To the extent that churches, Christians, ministries fall away from God, especially after having once exhibited a faithful testimony, to that extent they are participating in the apostasy – the falling away.



  1. Occurrences of these words in the Bible and Apocrypha: apostasis, 3x in OT, 1x Apoc; apostateo, 2x in Nehemiah, 3x in Apoc; apostates, 6x in OT, 4x in Apoc; apostazo, 3x in Prov, 1x in SongSol; apostalazo, 2x in Minor Proph; apostasiou, 7x in Bible, all trans ‘divorce’ – I think that covers all related words in Biblical usage, though I may have missed one or two. []
  2. Thayer []


  1. Brian Ernsberger says:

    Oh, boy! Don, I bet you were way-laided with such talk about current ministries! I daresay the be-all, end-all verse thrown back you was Matt. 7:1 “Judge not, that ye be not judged.” You’re also a dispensationalist, premillennial, pre-trib rapturist, who just doesn’t get it that the world is not getting worse and worse. Man, the kingdom of God is being ushered in by all these ministries! Heaven on earth is just ahead, that’s the light at the end of the tunnel that we see. (I am speaking facetiously here with a bit of sarcasm tossed in for good measure) The more I read, see, hear some men, the more I realize that we are not talking the same talk. The literal, grammatical hermeneutic that I employ is not compatible with those of a reformed/covenant hermeneutic, we are not talking the same language as we talk the Scriptures. Words may be the same but they have different meanings between us. Much like talking to a Mormon, our words are the same but our respective meanings for those words are radically different.
    Thanks for the article. A good study of apostasy and what it’s doing in our current age.

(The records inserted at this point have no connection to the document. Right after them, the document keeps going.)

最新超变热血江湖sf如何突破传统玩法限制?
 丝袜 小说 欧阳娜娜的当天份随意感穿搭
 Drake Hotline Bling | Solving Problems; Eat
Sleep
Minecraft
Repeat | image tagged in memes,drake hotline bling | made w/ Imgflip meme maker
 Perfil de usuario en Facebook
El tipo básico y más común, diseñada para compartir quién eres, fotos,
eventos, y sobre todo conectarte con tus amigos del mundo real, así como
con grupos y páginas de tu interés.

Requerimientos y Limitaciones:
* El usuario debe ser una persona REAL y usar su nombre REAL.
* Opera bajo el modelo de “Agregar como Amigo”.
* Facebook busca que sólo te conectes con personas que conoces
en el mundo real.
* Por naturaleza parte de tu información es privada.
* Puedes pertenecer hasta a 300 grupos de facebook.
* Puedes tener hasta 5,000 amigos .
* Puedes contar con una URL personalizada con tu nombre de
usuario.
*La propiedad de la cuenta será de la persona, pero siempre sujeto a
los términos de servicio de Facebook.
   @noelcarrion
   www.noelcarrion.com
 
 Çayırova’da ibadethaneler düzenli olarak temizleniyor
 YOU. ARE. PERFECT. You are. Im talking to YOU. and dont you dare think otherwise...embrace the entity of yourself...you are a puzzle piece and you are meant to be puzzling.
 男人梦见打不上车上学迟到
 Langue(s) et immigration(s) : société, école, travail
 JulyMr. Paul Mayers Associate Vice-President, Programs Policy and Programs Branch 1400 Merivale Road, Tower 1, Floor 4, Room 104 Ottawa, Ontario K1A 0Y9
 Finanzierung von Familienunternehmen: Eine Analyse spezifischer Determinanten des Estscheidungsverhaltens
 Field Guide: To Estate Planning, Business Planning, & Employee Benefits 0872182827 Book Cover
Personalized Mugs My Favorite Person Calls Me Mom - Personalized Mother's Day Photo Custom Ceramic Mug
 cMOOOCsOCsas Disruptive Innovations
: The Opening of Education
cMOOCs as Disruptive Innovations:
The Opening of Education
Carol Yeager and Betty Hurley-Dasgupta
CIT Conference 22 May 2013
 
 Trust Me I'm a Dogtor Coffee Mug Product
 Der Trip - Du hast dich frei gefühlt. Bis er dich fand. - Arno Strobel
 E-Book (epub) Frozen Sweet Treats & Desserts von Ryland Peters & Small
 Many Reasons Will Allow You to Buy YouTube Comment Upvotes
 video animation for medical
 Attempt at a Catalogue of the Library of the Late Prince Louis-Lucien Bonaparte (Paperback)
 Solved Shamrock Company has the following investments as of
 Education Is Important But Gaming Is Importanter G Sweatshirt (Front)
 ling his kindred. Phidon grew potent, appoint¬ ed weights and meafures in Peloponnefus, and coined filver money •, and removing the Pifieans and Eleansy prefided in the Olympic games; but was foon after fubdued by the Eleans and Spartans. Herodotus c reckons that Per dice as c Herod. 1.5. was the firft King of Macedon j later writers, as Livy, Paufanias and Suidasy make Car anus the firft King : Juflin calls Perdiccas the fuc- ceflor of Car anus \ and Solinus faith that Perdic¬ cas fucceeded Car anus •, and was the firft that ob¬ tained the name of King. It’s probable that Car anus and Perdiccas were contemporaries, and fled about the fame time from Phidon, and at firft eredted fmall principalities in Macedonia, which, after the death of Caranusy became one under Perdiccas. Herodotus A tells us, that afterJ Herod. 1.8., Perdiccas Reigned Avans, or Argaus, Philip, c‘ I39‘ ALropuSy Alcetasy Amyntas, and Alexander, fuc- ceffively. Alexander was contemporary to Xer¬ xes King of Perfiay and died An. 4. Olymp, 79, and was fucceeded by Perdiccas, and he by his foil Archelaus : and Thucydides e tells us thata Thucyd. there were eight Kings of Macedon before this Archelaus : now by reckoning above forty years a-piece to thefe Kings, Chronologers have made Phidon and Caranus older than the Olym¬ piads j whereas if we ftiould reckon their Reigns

  2. You are correct Don. They were presenting a red herring.

  3. Don,

    I didn’t see the original debate about apostasy, but I just looked at what fundamentalism is at SharperIron, and I can see how that a finer tuned understanding of apostasy would touch a nerve with many. SI says fundamentalists separate from apostasy. How do you do that? When is someone apostatizing? Obviously, if you wait until someone starts himself preaching a plainly (plain to SI folks, which might require a more involved standard of plainness) false gospel, you won’t separate for awhile, or can always claim deniability, because it wasn’t plain yet. If I separate from apostasy and apostasy is in essence no less than the pope, I’ve got a lot of room not to separate. It pretty much means I can claim being a fundamentalist by my own definition without in fact being one. I can say I believe in Jesus, but if He is a jar of peanut butter, I don’t really believe in Him, if you get what I mean.

    • Wasn’t so much of a debate, more a snide remark by one of those I was debating on SI, referring to something I said about Northland here. Got me thinking on the topic, though.

      Don Johnson
      Jer 33.3

  4. Dale Heffernan says:

    Don, thanks for standing firmly and kindly on the Scriptures. Lord bless you for taking all the arrows you have taken lately.